JAKARTA, KOMPAS — Kenaikan Rancangan Anggaran Pendapatan dan Belanja Daerah DKI Jakarta 2018 dinilai belum transparan oleh sejumlah masyarakat. Masyarakat berharap pemerintah dapat melakukan efisiensi di beberapa pos anggaran dan mengalokasikan dana untuk program peningkatan kesejahteraan.
Dalam perencanaan Rancangan Anggaran Pendapatan dan Belanja Daerah (RAPBD) 2018, ada beberapa pos anggaran yang menjadi sorotan masyarakat. Anggaran Tim Gubernur untuk Percepatan Pembangunan (TGUPP), dana belanja hibah, rehabilitasi kolam air mancur Gedung DPRD, dan anggaran untuk kunjungan kerja anggota DPRD merupakan beberapa contoh pos anggaran yang menjadi sorotan masyarakat.

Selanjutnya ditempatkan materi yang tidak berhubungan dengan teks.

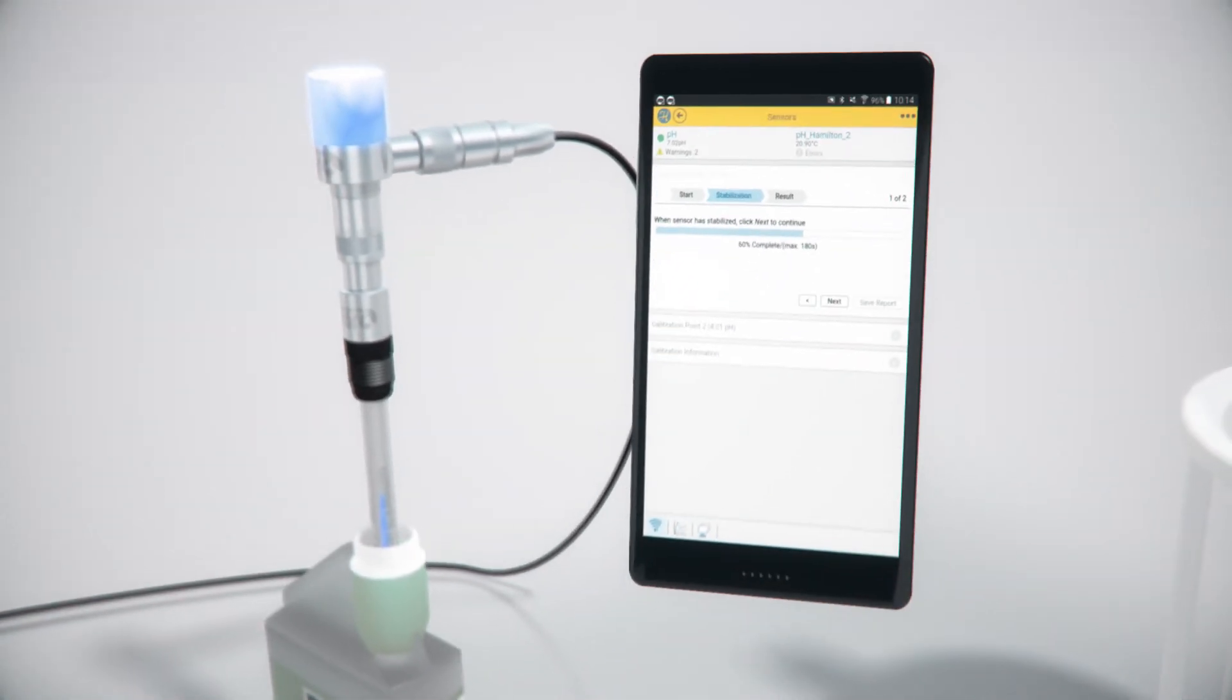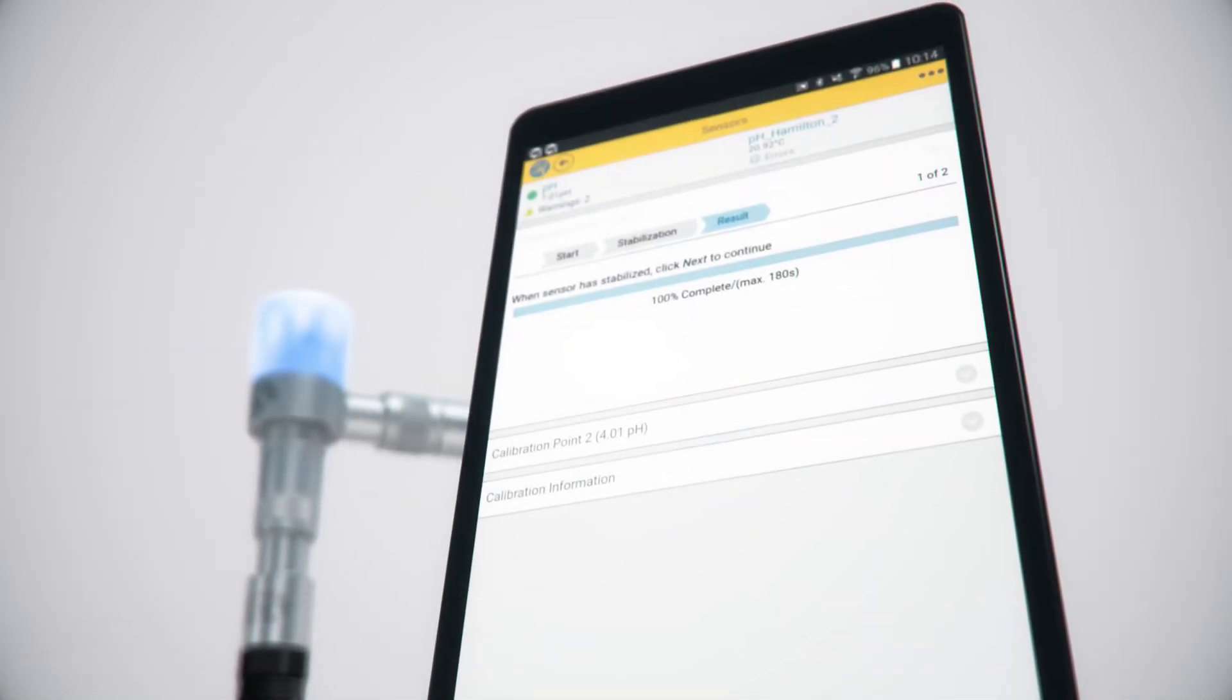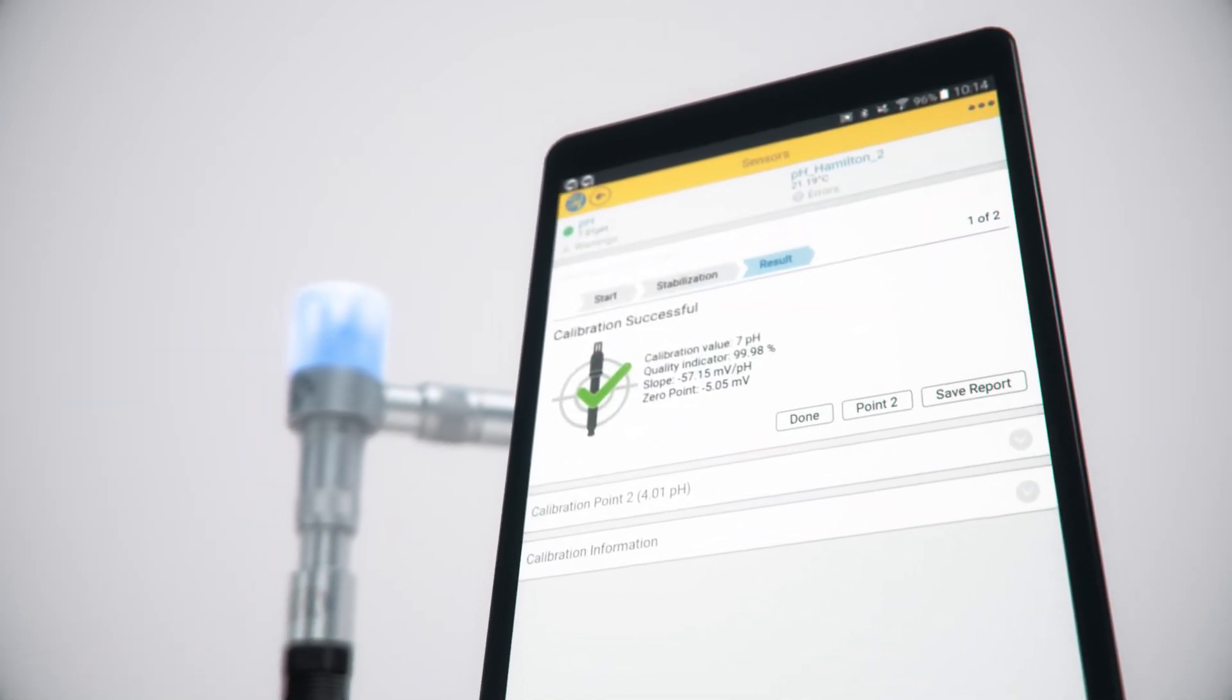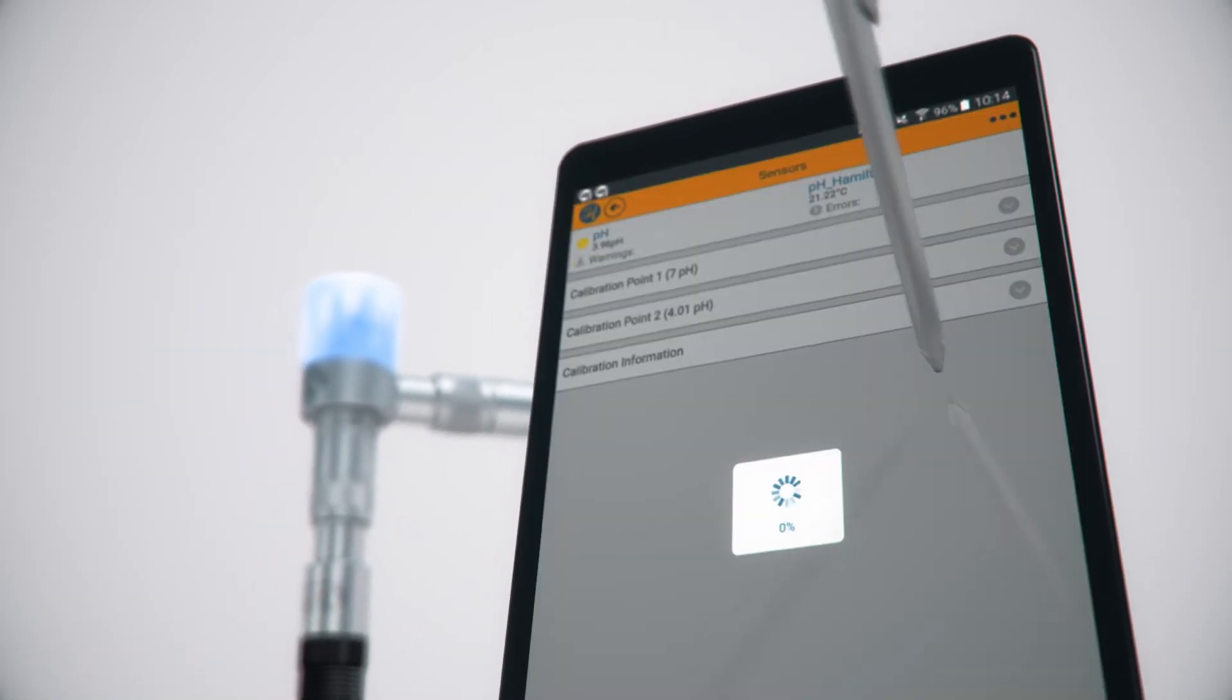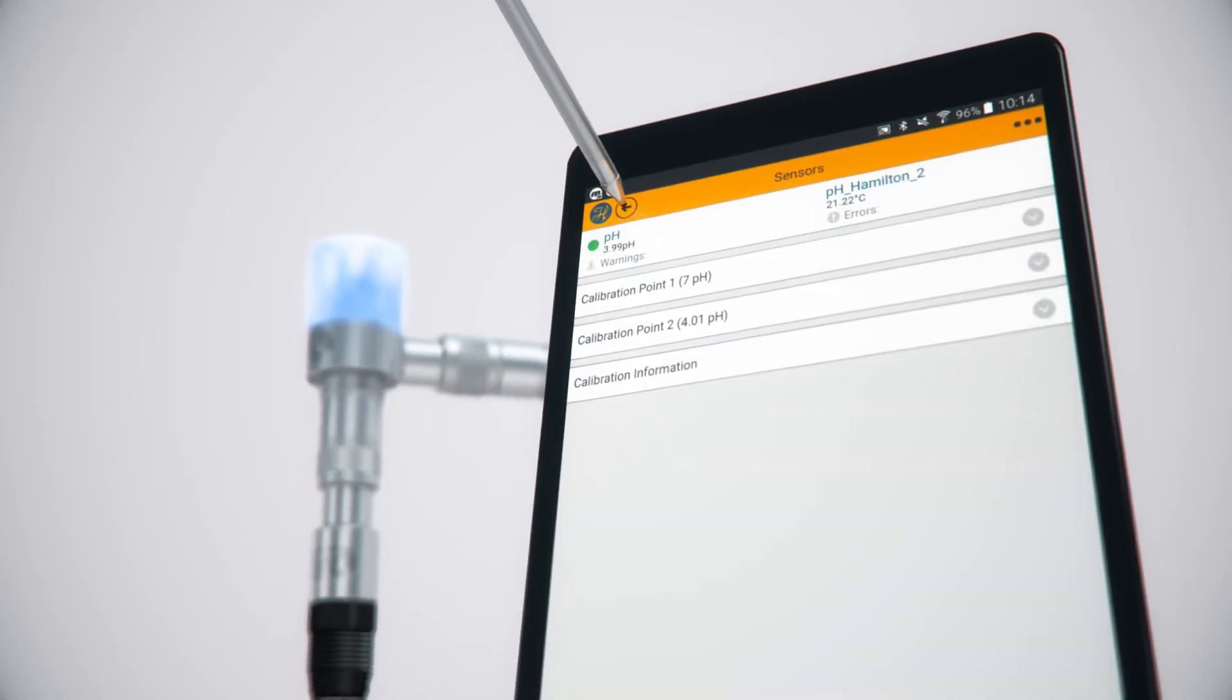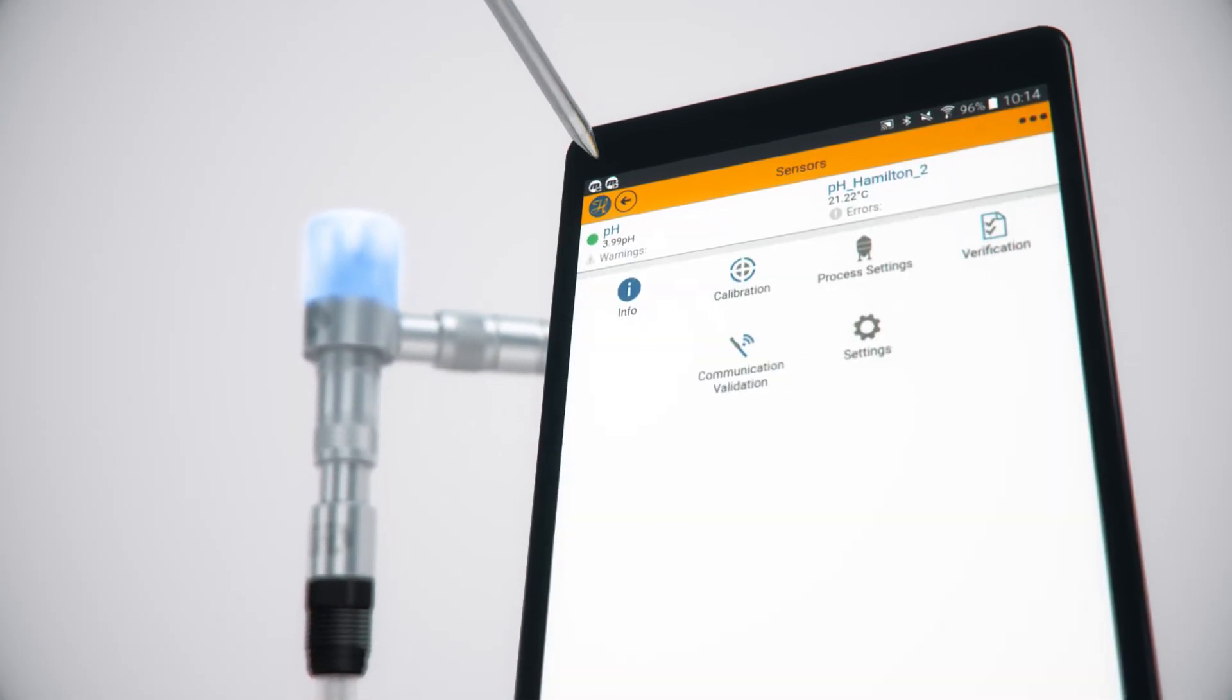Once diagnostics is completed, both ARC-Air and the sensor head provide visual indication that the sensor is now in good condition.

Jangan sampai ada anggaran fiktif yang nantinya dimanfaatkan untuk kepentingan pemerintah pribadi.
Rapat Badan Anggaran DPRD DKI dengan Tim Anggaran Pemerintah Daerah telah menyepakati RAPBD DKI 2018 mencapai Rp 77,05 triliun. Anggaran tersebut meningkat Rp 5,16 triliun atau 7,17 persen dari APBD-P 2017 yang ditetapkan Rp 71,89 triliun.
Binton (45), petugas dari Unit Pelaksana Kebersihan Badan Air DKI Jakarta, mengatakan, anggaran yang direncanakan pemerintah nantinya harus sesuai dengan program untuk kesejahteraan masyarakat. ”Jangan sampai ada anggaran fiktif yang nantinya dimanfaatkan untuk kepentingan pemerintah pribadi,” kata Binton di Kawasan Banjir Kanal Timur, Jakarta Timur, Senin (27/11).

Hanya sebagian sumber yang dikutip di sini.